Wednesday, September 21, 2005
Bush hitting the bottle, again
Faced with the biggest crisis of his political life, President Bush has hit the bottle again, The National Enquirer can reveal...
Family sources have told how the 59-year-old president was caught by First Lady Laura downing a shot of booze at their family ranch in Crawford, Texas, when he learned of the hurricane disaster.
His worried wife yelled at him: "Stop, George."...
A Washington source said: "The sad fact is that he has been sneaking drinks for weeks now. Laura may have only just caught him — but the word is his drinking has been going on for a while in the capital. He's been in a pressure cooker for months.
The result is he's taking drinks here and there, likely in private, to cope. "And now with the worst domestic crisis in his administration over Katrina, you pray his drinking doesn't go out of control."

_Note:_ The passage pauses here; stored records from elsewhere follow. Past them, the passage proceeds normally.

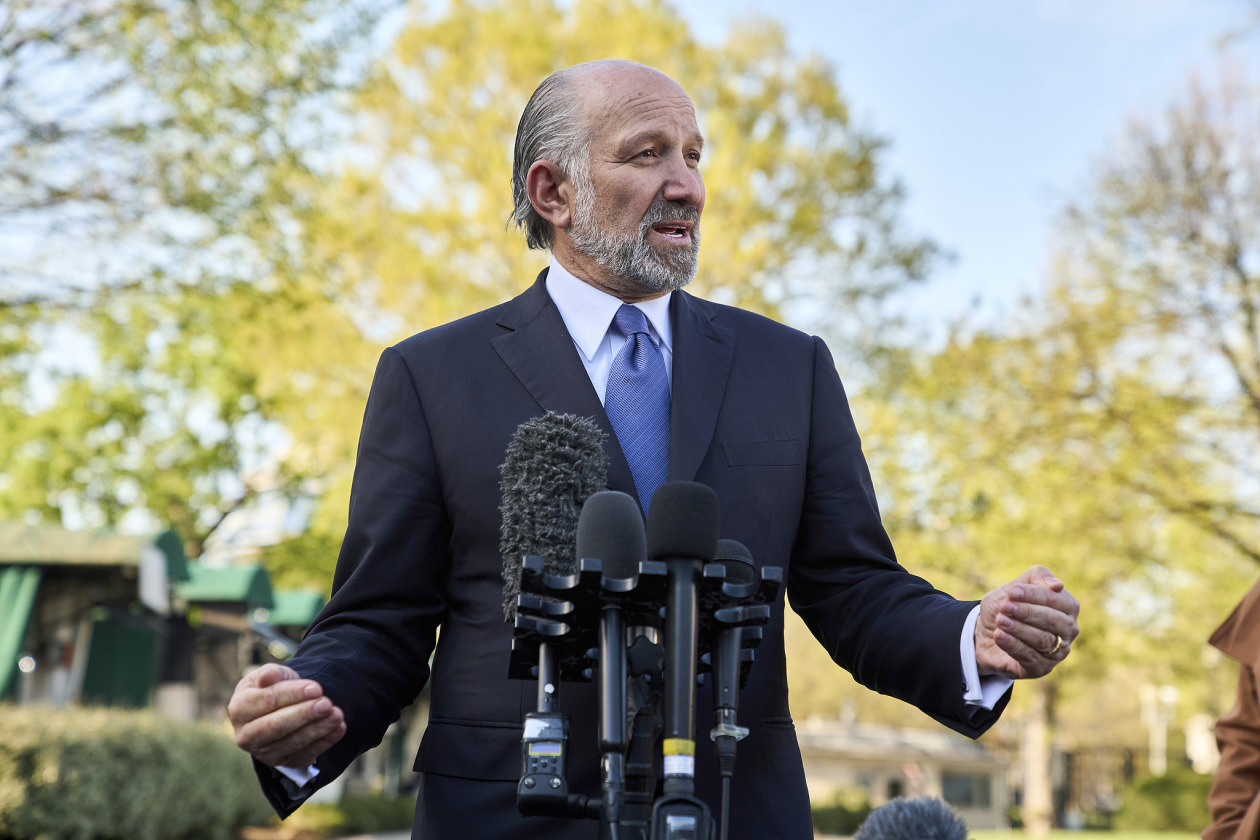 美国商务部长：将在一周内开始发放移民“金卡”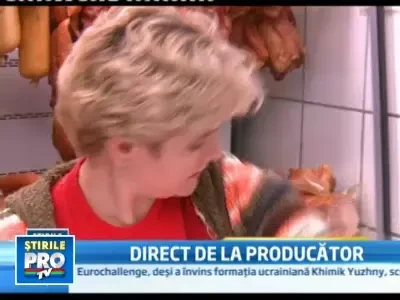 E foame de bani. Fabricile de mezeluri prefera sa isi vanda singure marfa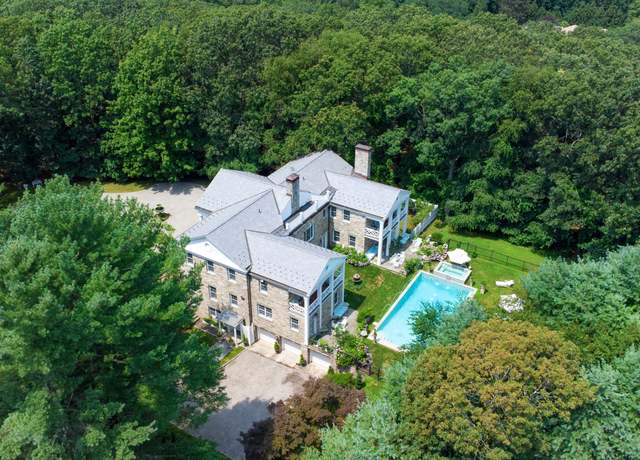 Property at 5 Northside Ln, Westport, CT 06880, 6 beds, 4.5 baths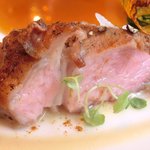 ル・ジュー・ドゥ・ラシエット  - ランチ7皿コース 5040円 の乳飲み仔羊と野菜のフリット コンソメソース添え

Another source said: "I'm only surprised to hear that he hadn't taken a shot sooner...George had a drinking problem for years that most professionals would say needed therapy. He doesn't believe in it [therapy], he never got it. He drank his way through his youth, through college and well into his thirties."
Another source said: "A family member told me they fear George is 'falling apart.'" Speaking of his time as a young man in the National Guard, he has said: "One thing I remember, and I'm most proud of, is my drinking and partying. Those were the days my friends. Those were the good old days!"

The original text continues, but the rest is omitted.